§ YOUR TASK
Restate exactly, and only, the lines from the one with "Norway Away 2026" through the end of the data, with both of those end lines kept. Drop any pictures.

§ EXERCISE INPUTS
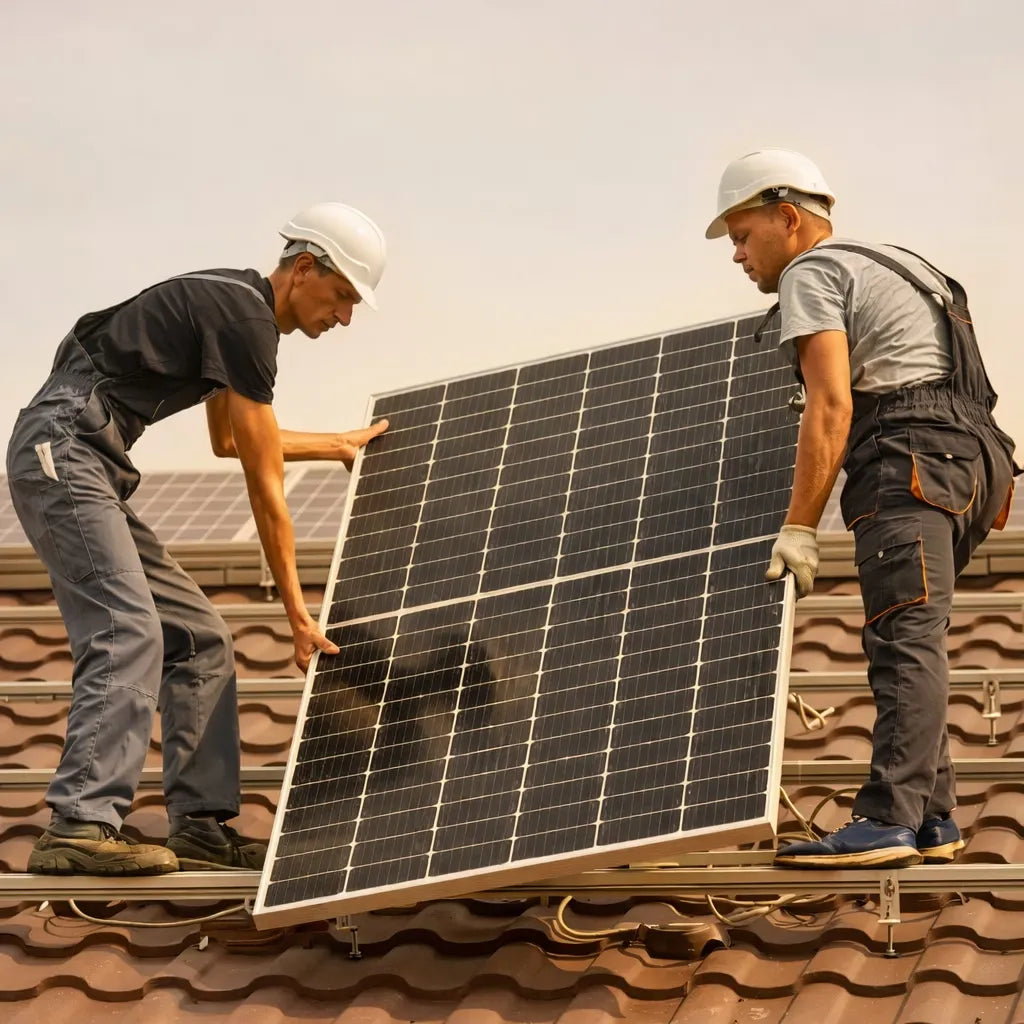 Cómo elegir los Paneles Solares correctamente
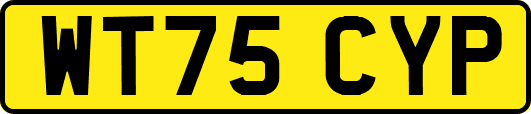 WT75CYP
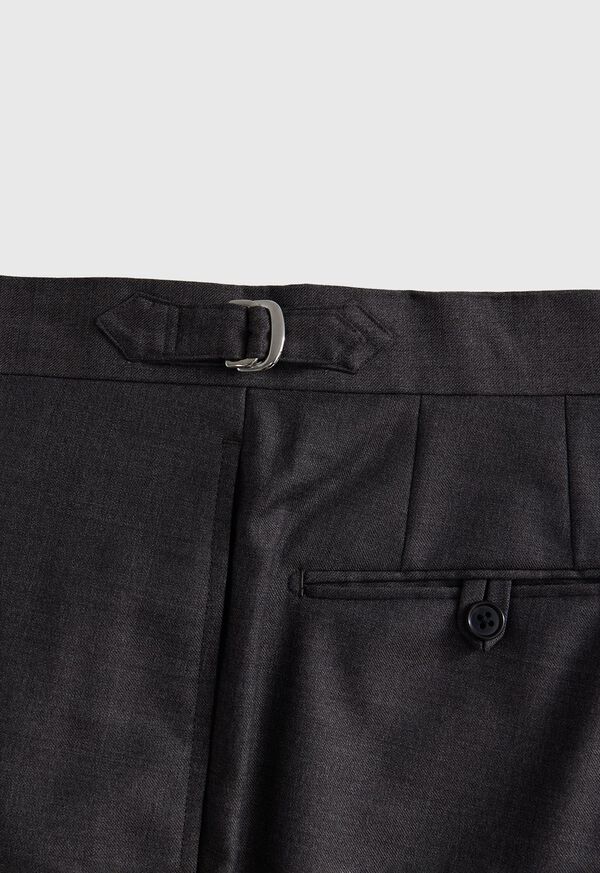 Paul Stuart All Year Super 110s Wool Sharkskin Suit, image 8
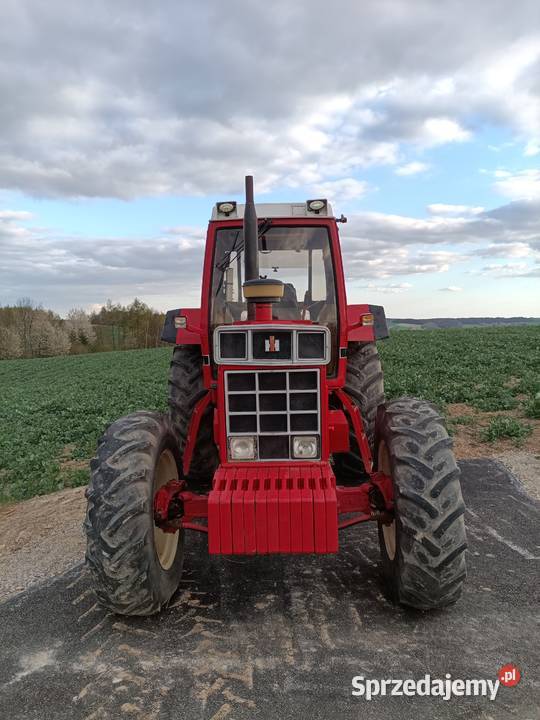 CASE IH 1255 xl Krynice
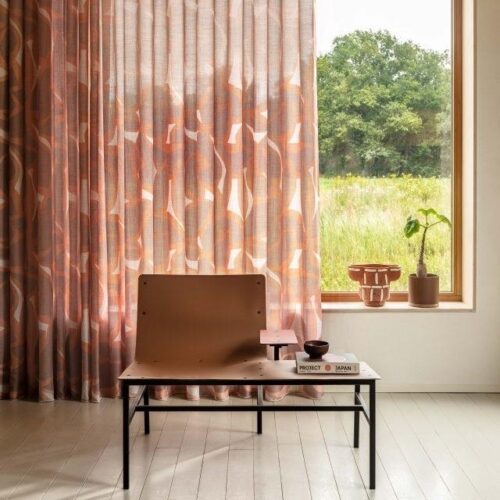 Gordijnstof De Ploeg Contour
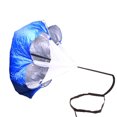 thumbnail image 3 of Paracaídas de velocidad para fútbol, paraguas de entrenamiento de fuerza, fútbol, baloncesto, carrera, bandas de resistencia, paracaídas de arrastre, 3 of 5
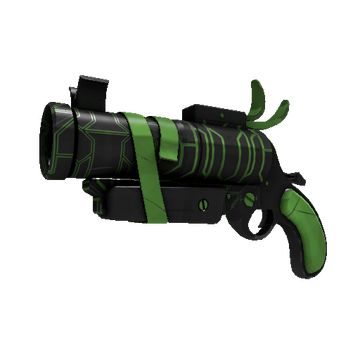 Alien Tech Detonator (Minimal Wear)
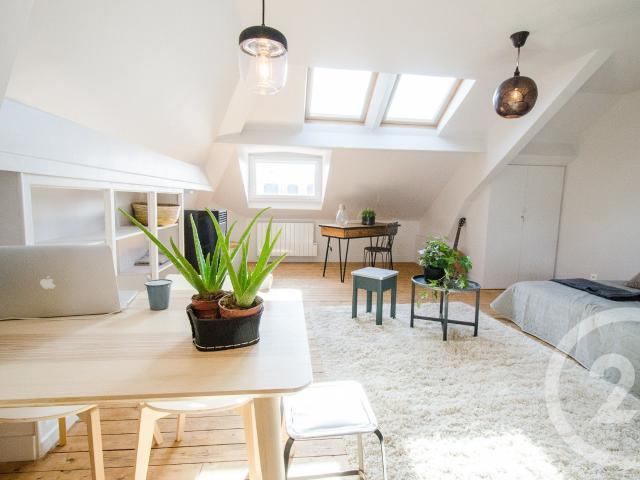 Appartement 1 pièce 39 m²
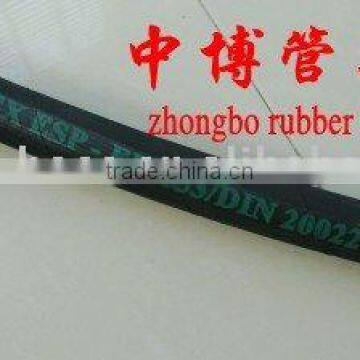 oil rubber hose for industrial field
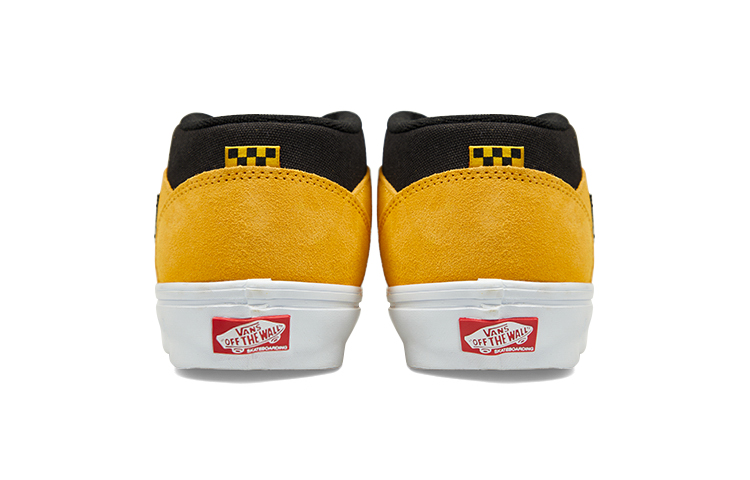 Purchase Vans Bruce Lee x Half Cab 'Amarillo Negro' VN0A5FCDY23(S-BOX)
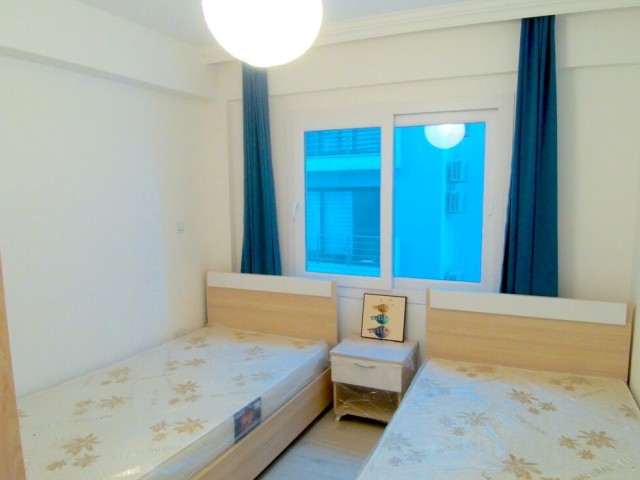 RA-201 Girne merkezde kiralik apartment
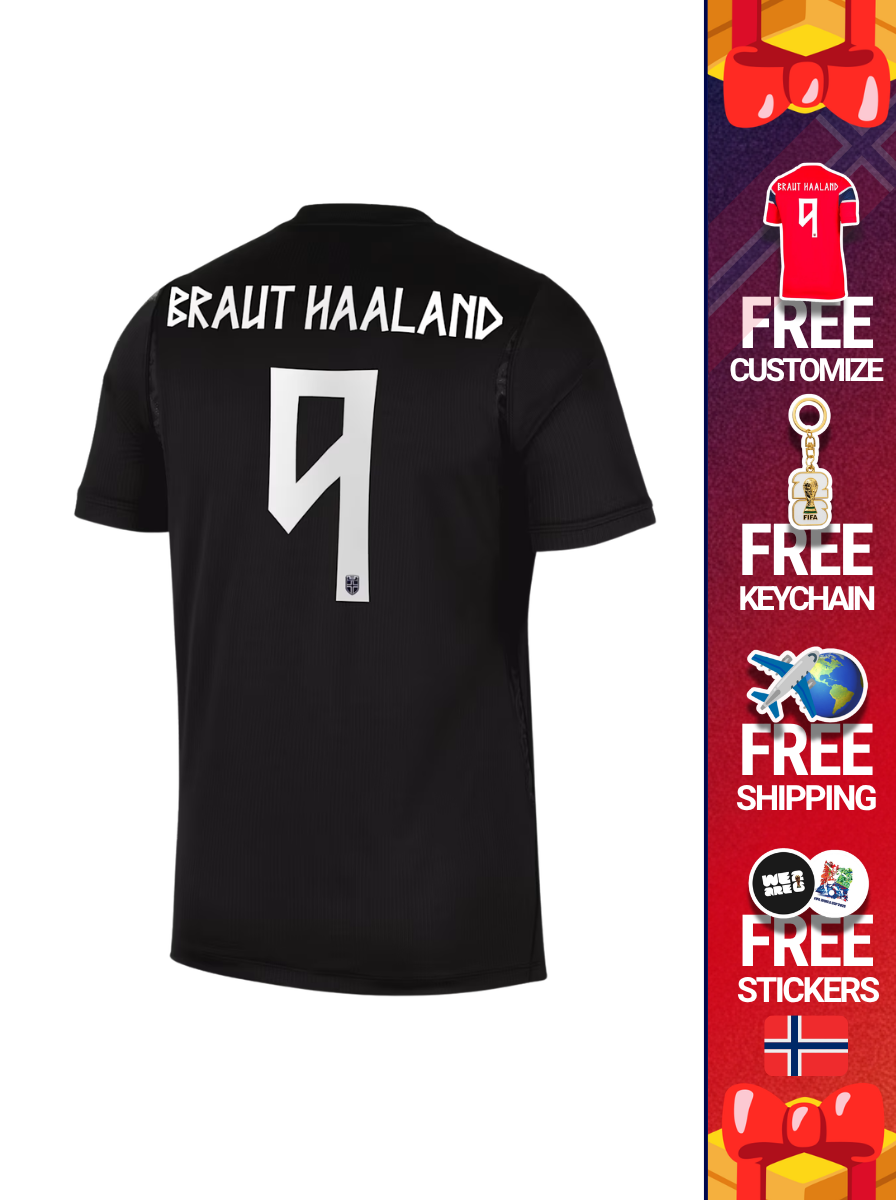 Norway Away 2026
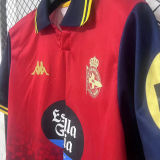 2025/26 Deportivo La Coruna Away Fans Soccer Jersey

§ TASK RESPONSE
 Norway Away 2026
 2025/26 Deportivo La Coruna Away Fans Soccer Jersey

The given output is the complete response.